(Entries provided):
━━━━━━━━━━━━━━━━━━━━━━━━━━━━━━

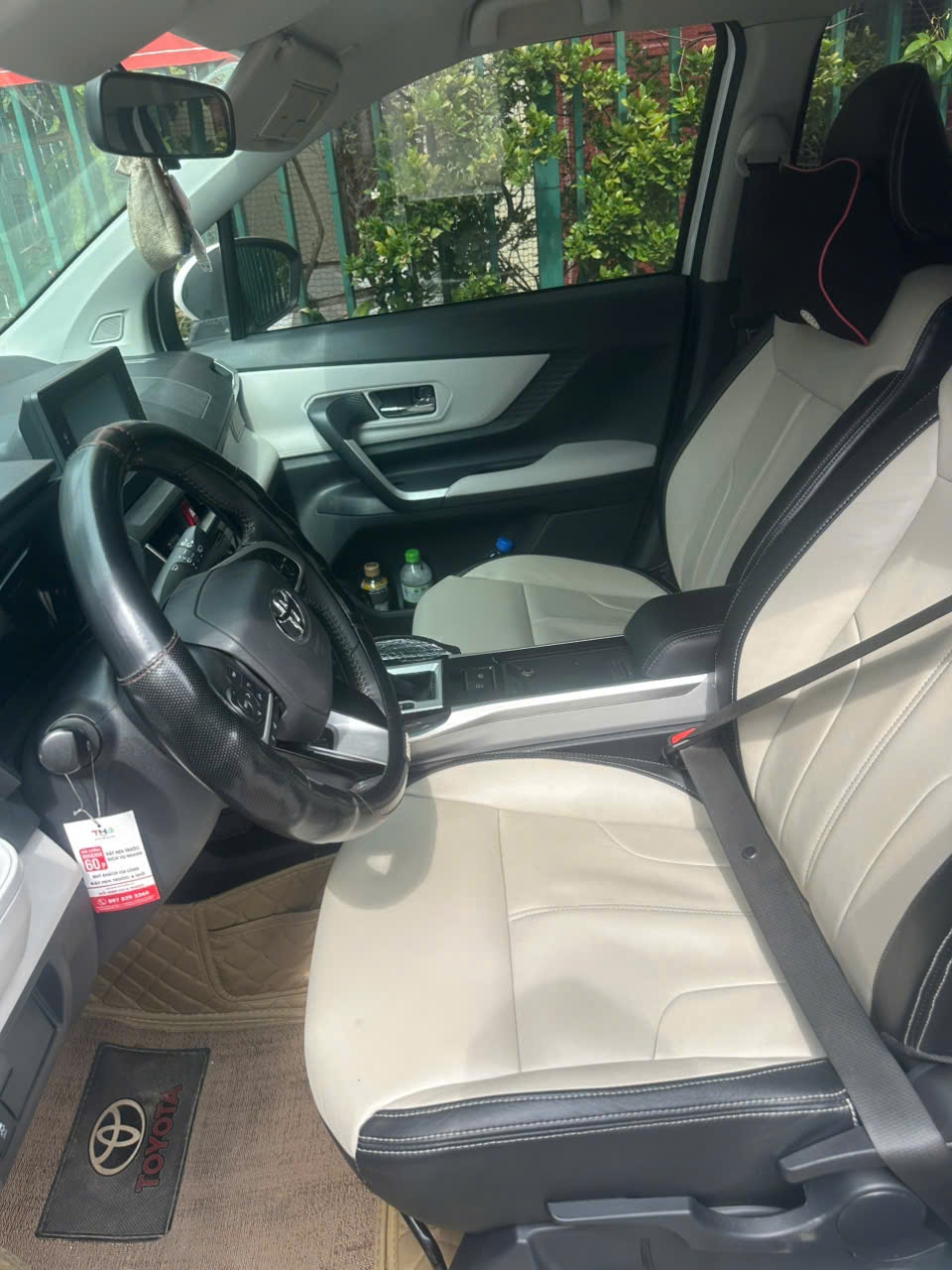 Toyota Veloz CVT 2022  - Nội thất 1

━━━━━━━━━━━━━━━━━━━━━━━━━━━━━━

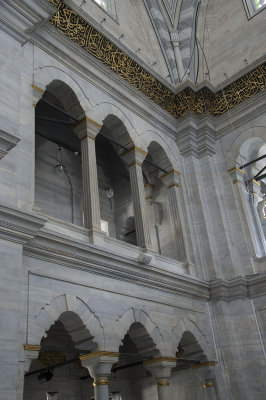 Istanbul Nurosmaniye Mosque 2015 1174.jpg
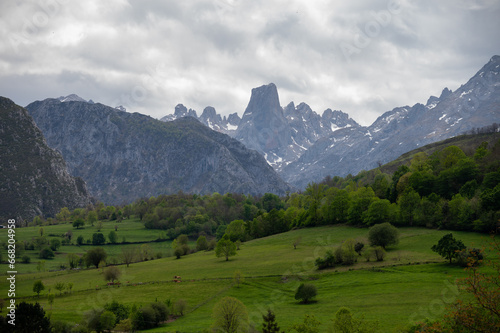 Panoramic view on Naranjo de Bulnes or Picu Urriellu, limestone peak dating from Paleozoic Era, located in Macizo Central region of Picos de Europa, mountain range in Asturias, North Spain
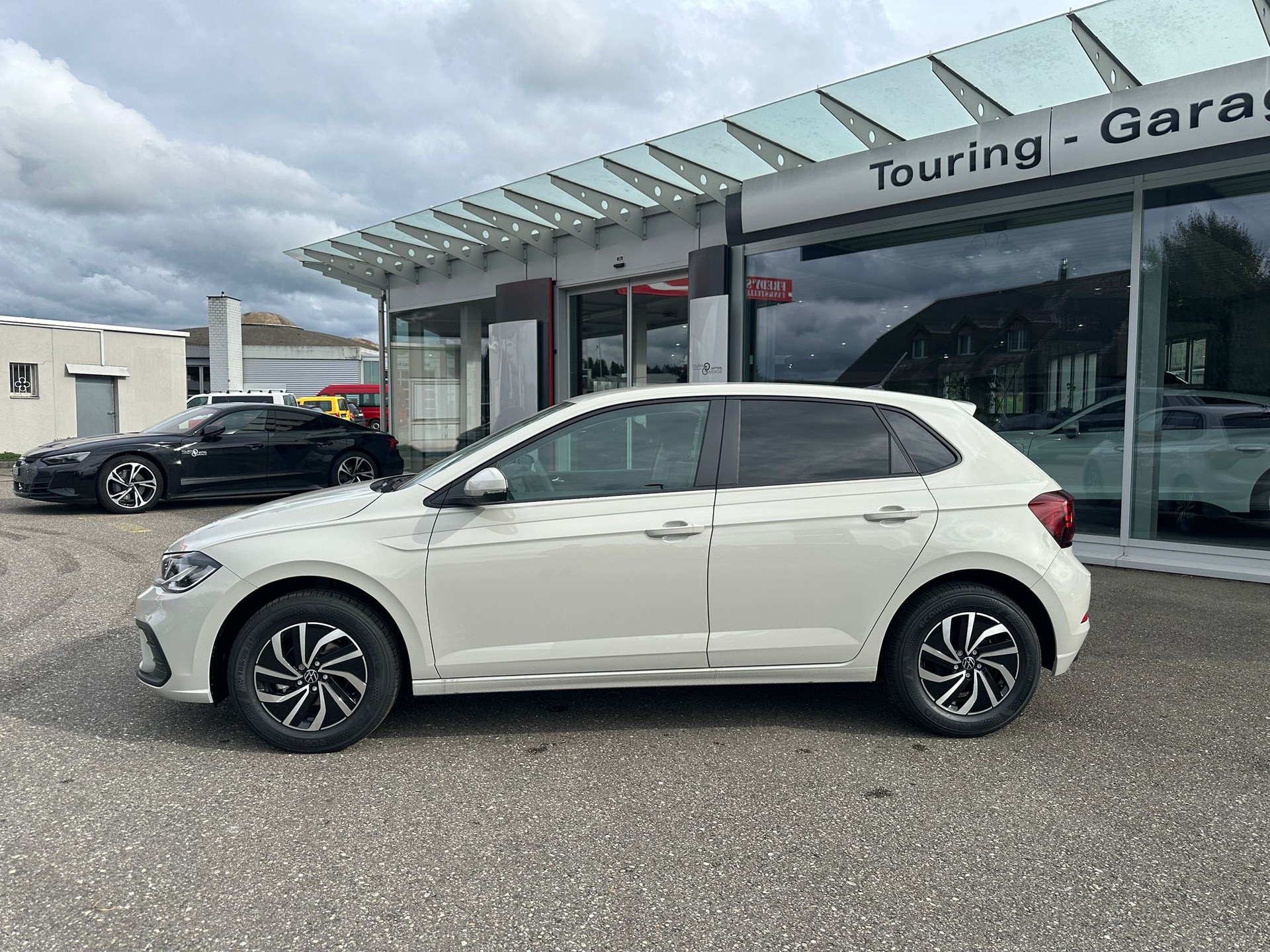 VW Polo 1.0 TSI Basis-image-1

━━━━━━━━━━━━━━━━━━━━━━━━━━━━━━

(Task prompt): For this task, return exactly the stretch of the listing above from the line with "Istanbul Nurosmaniye Mosque 2015 1174.jpg" through the line with "VW Polo 1.0 TSI Basis-image-1", inclusive and without pictures.

(Answer):
 Istanbul Nurosmaniye Mosque 2015 1174.jpg
 Panoramic view on Naranjo de Bulnes or Picu Urriellu, limestone peak dating from Paleozoic Era, located in Macizo Central region of Picos de Europa, mountain range in Asturias, North Spain
 VW Polo 1.0 TSI Basis-image-1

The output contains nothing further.